Alice Adoga met and conquered cultural and educational challenges after moving to the United States from Nigeria. — PHOTO BY RAYMOND SEABORN
Alice Adoga had no particular predictions of what lie ahead when she moved to this country. After all, she was more than 6,600 miles away from the only place she knew as home—West Africa, Nigeria.
That was 11 years ago. “I was filled with imagination of what was to be and the fear of the unknown,” she recalled. Now working as a family services specialist at the City of Franklin Department of Social Services, Adoga is making a difference in the lives of the children and families she serves.
“My job provides me with the opportunity to impact lives within this community and to bring about positive change,” she said. “My primary role at the moment is working with families and children in foster care. I also complete family assessments and investigate reported child abuse and neglect.”
But the road to her success was not often an easy one. Despite dealing with cultural and educational system differences, she, along with the help of the guidance counselor, pushed through her senior year at Franklin High School, where she graduated in 2008.
“I made a decision to work toward the woman I am today, and to take advantage of every opportunity I encounter,” the 29-year-old said.
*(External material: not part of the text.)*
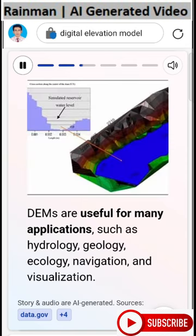DEMs are useful for many applications such as hydrology, geology, ecology, navigation, and visualization.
Although Paul D. Camp Community College was not her first choice in which to enroll, it proved to be a beneficial step on her educational path. Adoga had been accepted to Chowan University on a 4-year leadership scholarship, however, out-of-state tuition would have still cost her more than she could afford without taking out a loan. She also attempted to enroll at University of Maryland while working in the healthcare field there, but that resulted in discouragement as well. At her mother’s insistence, she agreed to enroll at PDCCC.
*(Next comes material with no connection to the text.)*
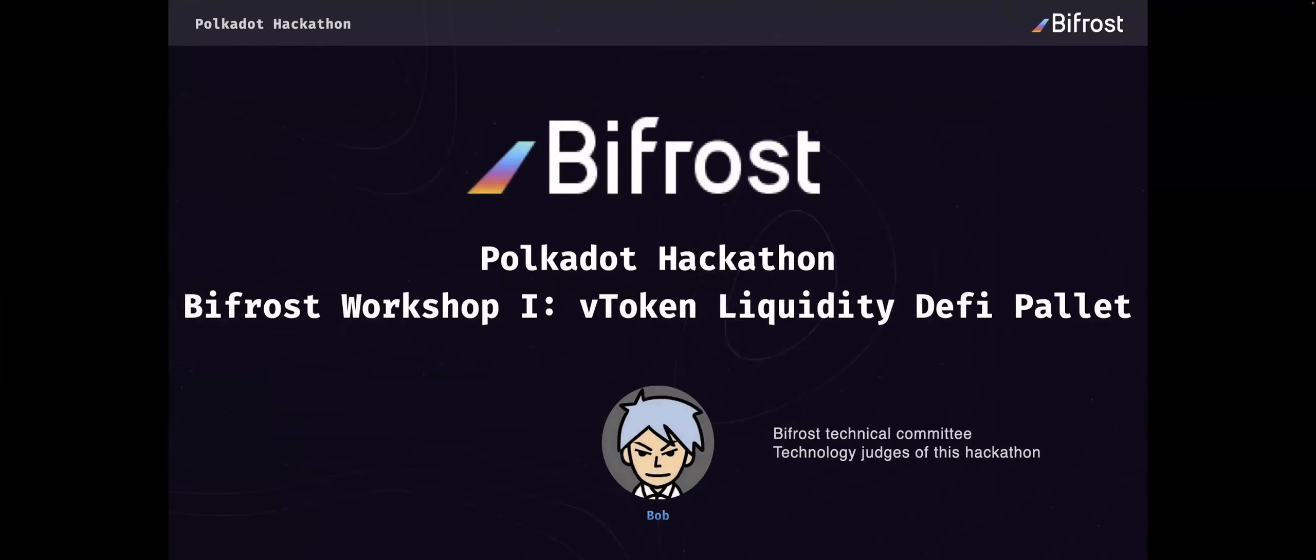Hello everyone, I'm Bob. Today I will serve you with this lecture about the Polkadot action. I am from the Bifrost Technical Committee and also I am the technology judge of this action.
“My decision to attend PDCCC became a gateway to how far I’ve grown academically,” she said. “I received so much guidance and support from the staff and faculty.”
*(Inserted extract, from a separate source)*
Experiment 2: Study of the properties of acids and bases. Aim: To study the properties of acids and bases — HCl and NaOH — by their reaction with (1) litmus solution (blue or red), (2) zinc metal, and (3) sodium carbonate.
However, Adoga was able to grow in more ways than one at PDCCC, as was evident when she was selected to serve as a Presidential Student Ambassador, inducted into Phi Theta Kappa Honor Society and became an active member in Student Support Services, the Student Leadership Committee and the Student Government Association.
“PDCCC also provided an opportunity to study with non-traditional students,” she said. “It created a unique learning dynamic that bridges the gap between real life lessons and textbook knowledge. I enjoyed learning with people of different age groups.”
After Adoga graduated from PDCCC with an associate’s degree in General Studies in 2011, she continued her studies at George Mason University, earning a Bachelor of Art degree in 2013 in Psychology. She then attained a Master of Art degree in Human Services Counseling in 2016 from Liberty University. But to get here was not without its struggles.
“Although I received financial aid, it wasn’t enough to cover all of my educational expenses,” she said. “I had to buy some of my textbooks out-of-pocket.”
Another challenge for Adoga was that she was lacking in grammar, so she experienced difficulty writing research papers. “I worked closely with all of my English teachers and professors in high school and college,” she said. “I also had several tutors who assisted me.
Adoga said that PDCCC is a good place to start before a student transfers to another four-year college or university.
“The road to your future is not always a straight one,” she advised. “Don’t let the twists and turns stop you. When there is a road block, find a detour. Sometimes it’s best to let go of our expectations and just enjoy the experiences that life presents us. Be kind to yourself throughout your journey, and also help others along the way.”
The family services specialist loves the fact that she is employed in her chosen field of study and notes that it is very rewarding work. “It is my goal in life to continue to serve those who are suffering and to provide hands-on support through counseling to alleviate life crises throughout the country, and globally,” she said.
Adoga enjoys spending time with family and friends, dancing, working out and traveling. She is a certified Kukuwa African dance instructor, which continues to keep her connected with her country and Africa. Her first dance class will get underway in August in Suffolk.
“I am grateful for my challenges,” she said, “because they led to lifelong friendships and blissful educational experiences.”